| EXERCISE |
Please copy all of the data that follows exactly, leaving any pictures out.

| MATERIAL PROVIDED |

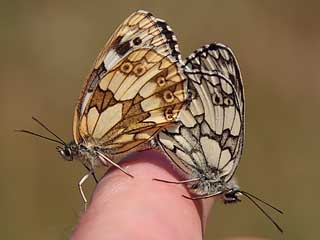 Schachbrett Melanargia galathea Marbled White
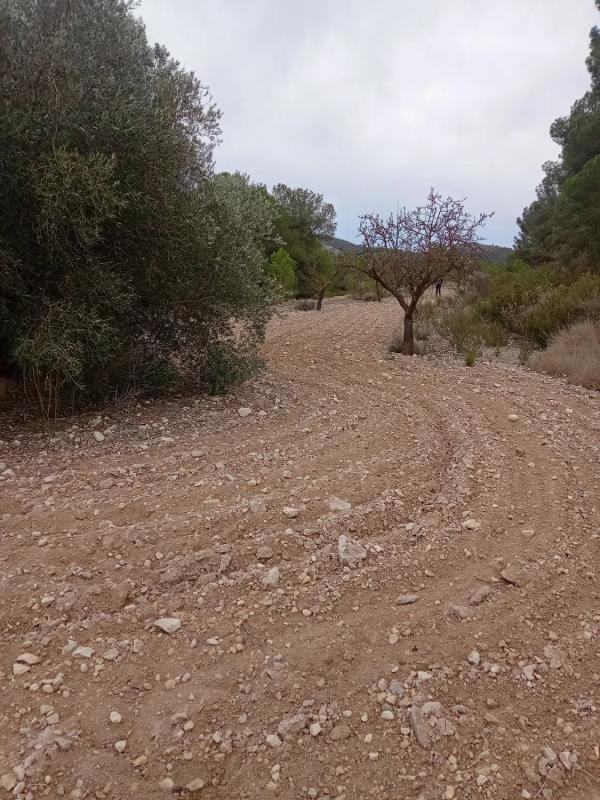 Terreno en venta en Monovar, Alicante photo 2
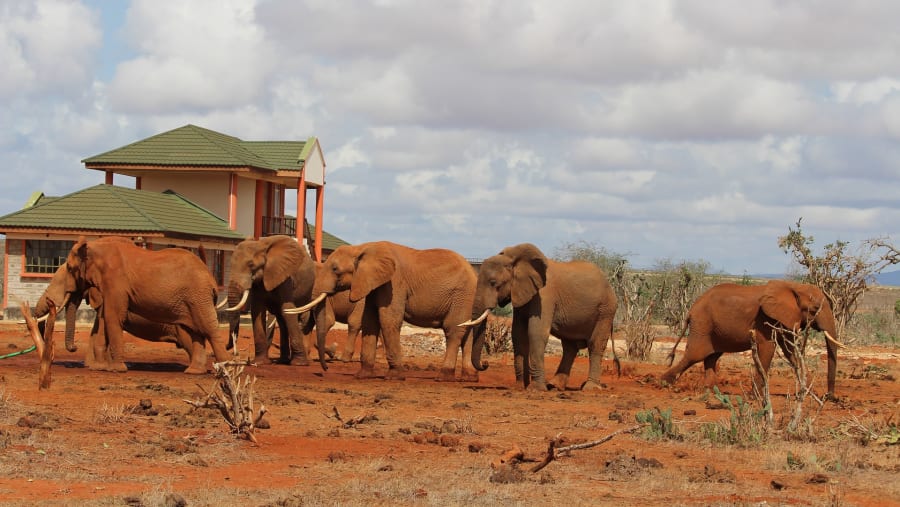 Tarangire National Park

| WRITTEN RESPONSE |
 Schachbrett Melanargia galathea Marbled White
 Terreno en venta en Monovar, Alicante photo 2
 Tarangire National Park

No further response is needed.